Part Three: On the Music, the Screenplay, and the Cinematography

Click here for part two

Fennessy: Having just read descriptions of the film, I did think they [the Bang-Bang] were gonna go further. Yet, at the same time, it seems to me that the timing of the film is interesting, because that's what's happening right now. Like I just bought a collection of the works of the Delta 5, and they're from that era--actually slightly past--but they didn't release a record, and they had this reputation based on one single, "Mind Your Own Business." The compilation is Peel Sessions and other singles...the Delta 5 were in with [bands like] the Slits and the Raincoats.

[The Bang-Bang released one single, "Two-Way Romeo." It's also the name of the film the quasi-fictional Ken Russell tries to make about them.]

Fulton: I've never heard of the Delta 5--the Slits I've heard of.

Fennessy: They were that kind of thing, but not as in-your-face. Now because of the CD format, more of those groups that did just have one song are getting entire compilations with live tracks and Peel Sessions. I'm sure you didn't plan that, but...

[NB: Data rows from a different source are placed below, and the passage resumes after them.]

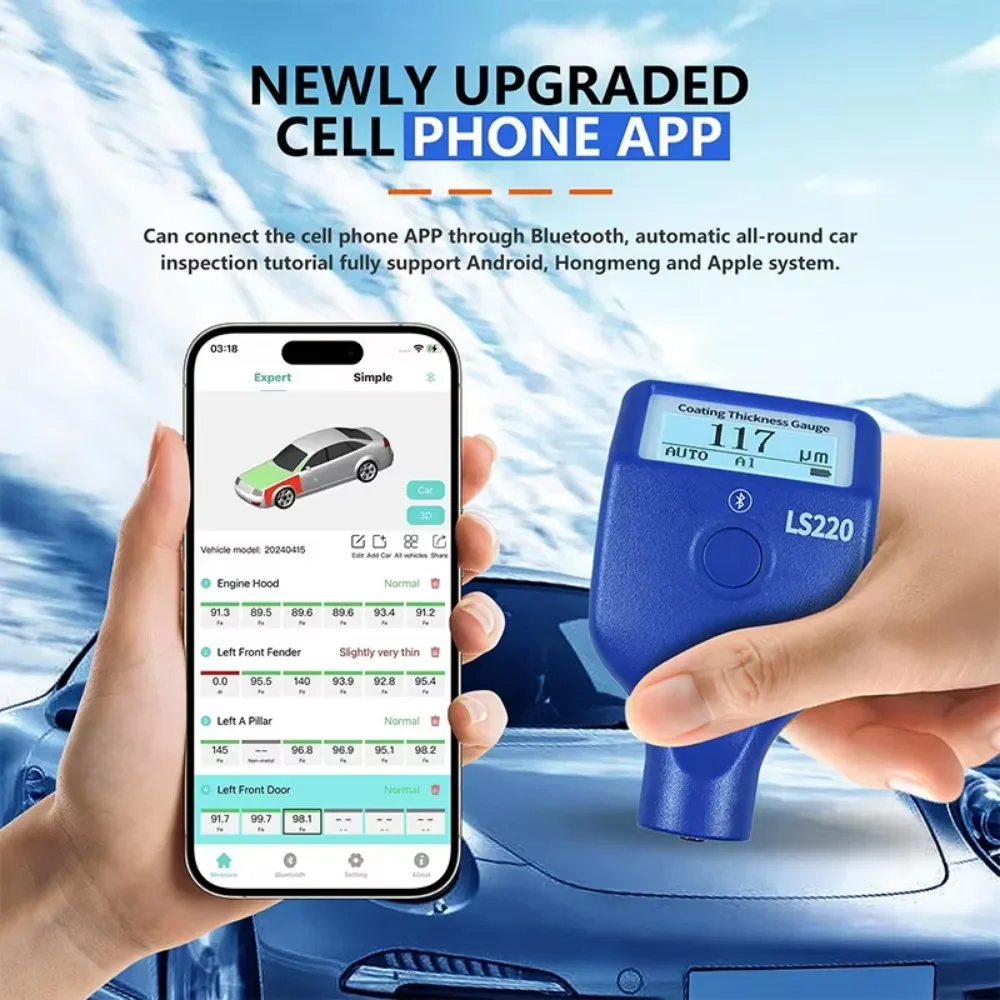 LS220 Bluetooth Enabled Paint Coating Thickness Tester 0-3500μm 0.1μm Fe NFe Probe for Auto Car Paint Film Thickness Gauge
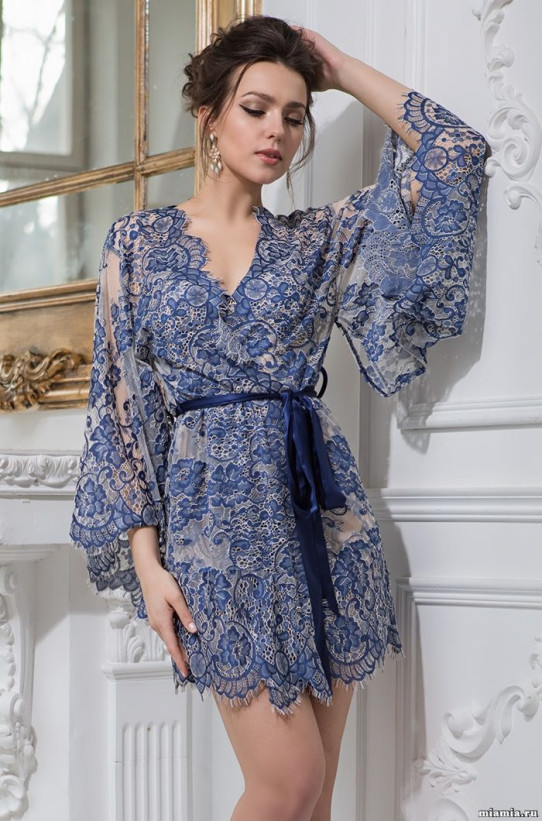 Халат кружевной Mia-Amore "Michelle" 2103 синий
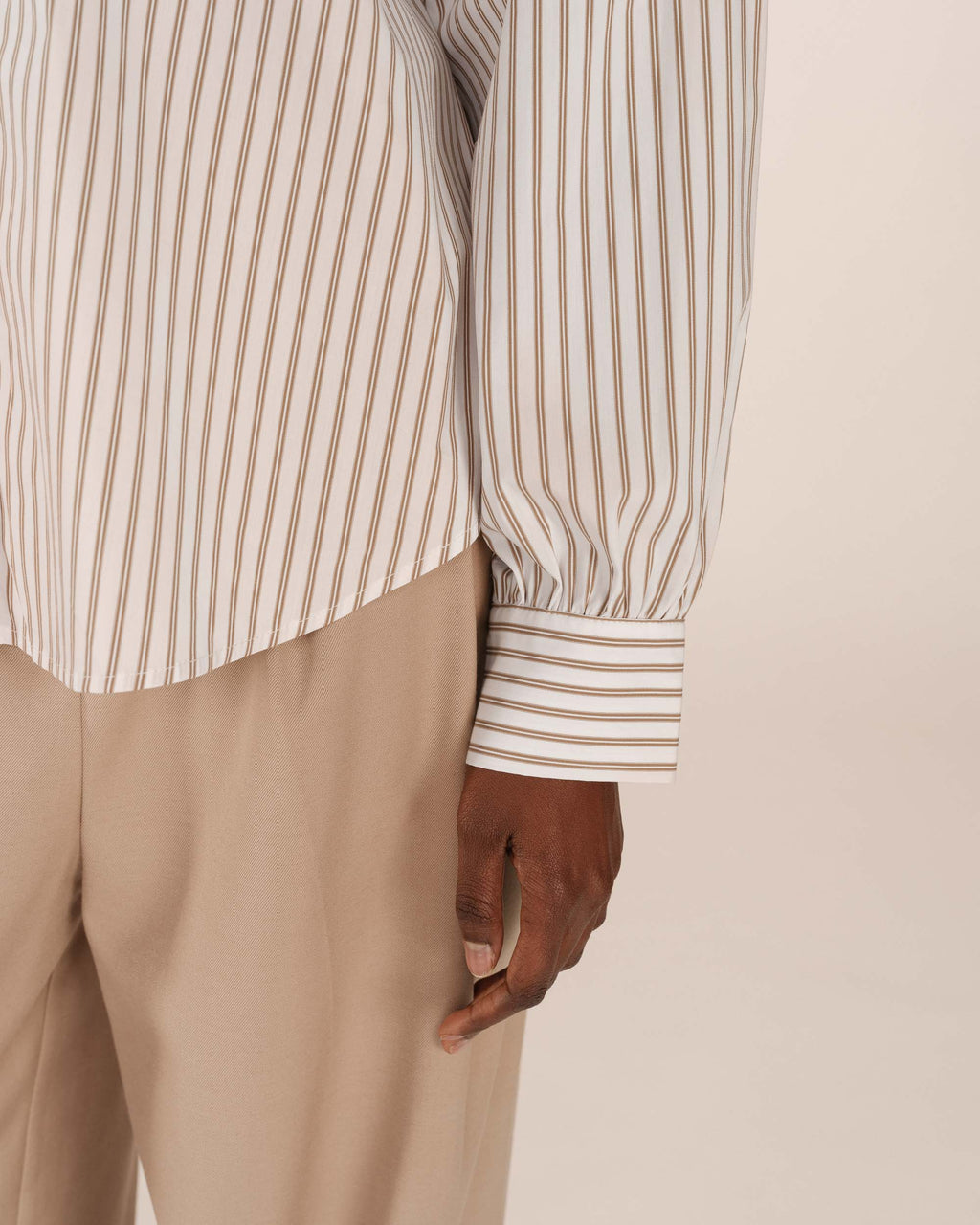 Camisa De Rayas Greige Sorbet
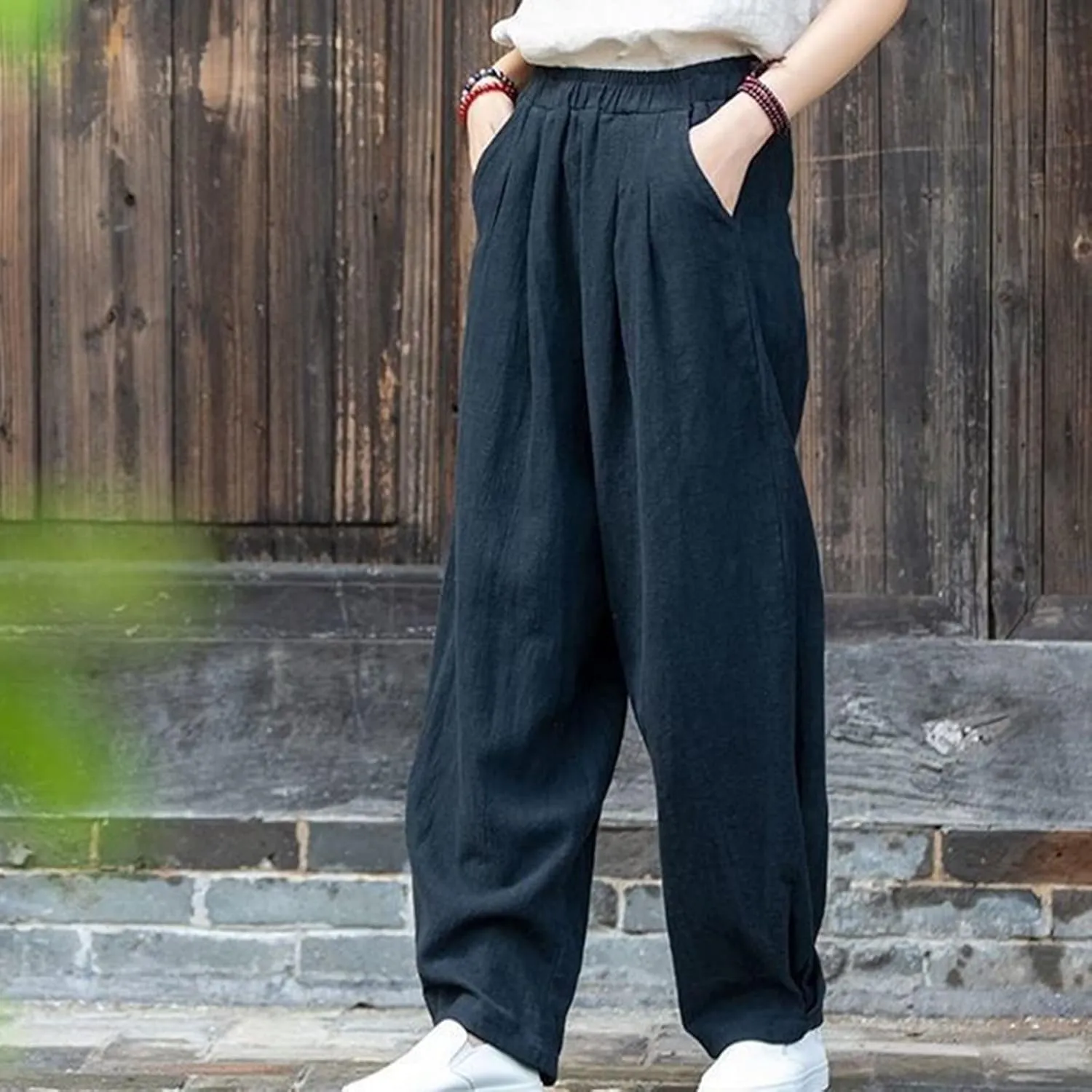 BZGTZT Women Cotton Linen Pants Summer Wide Leg Trousers Elastic High Waist Loose Fit Light Weight Lounge Pants with Pocket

Fulton: There's definitely a huge revival. It was already going on at the time that we were developing the film. We designed the music in the film--well, the choice of punk, period--we were already conscious of the fact that people are listening to music like that again...so many of the bands now have that kind of sound.

Fennessy: I thought it sounded really contemporary and of its time.

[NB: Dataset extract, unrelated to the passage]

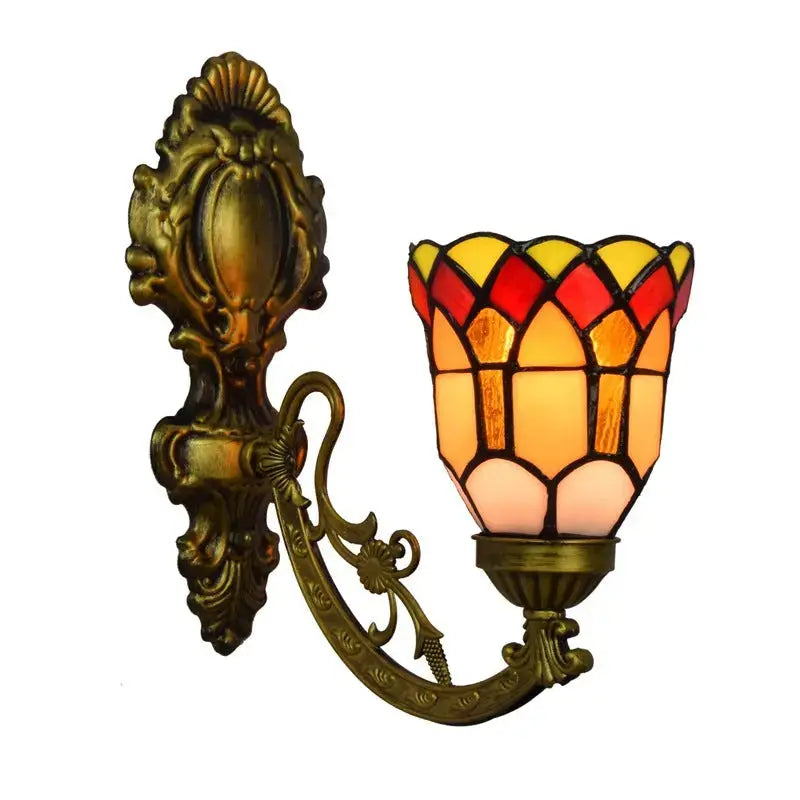 Dia11cm Small Wall Lamp Stained Glass Lampshade Tiffany Style Sconces Classical Tiffany Lamp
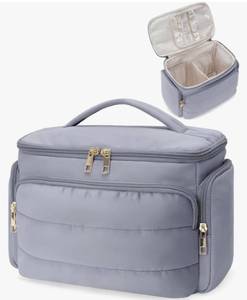lot 2030 image: WANDF Travel Toiletry Bag for Women, Wide-open Large Makeup Bag with Handle, Puffy Makeup Organizer for Toiletries, Cosmetics, Accessories, Essentials (Slate Blue) - Retail $22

Fulton: That's by design. The composer, Clive Langer [Madness, Elvis Costello, etc.], we talked to him about giving the music a slightly poppier edge than pure punk would have--make it more listenable. [laughs]

Fennessy: I thought it was very listenable.

Fulton: In a way, it was more interesting to choose 1974 as a time for the band to be from than 1976. I mean, the Sex Pistols, to me, are more of a phenomenon. You don't go home and listen to them, but if you're imagining something that's coming out of the glam scene and getting a harder edge to it, that's sort of the music we were trying to pinpoint.

Fennessy: The New York Dolls--but in England.

Fulton: In England, right. And there wasn't really an equivalent in England in 1974.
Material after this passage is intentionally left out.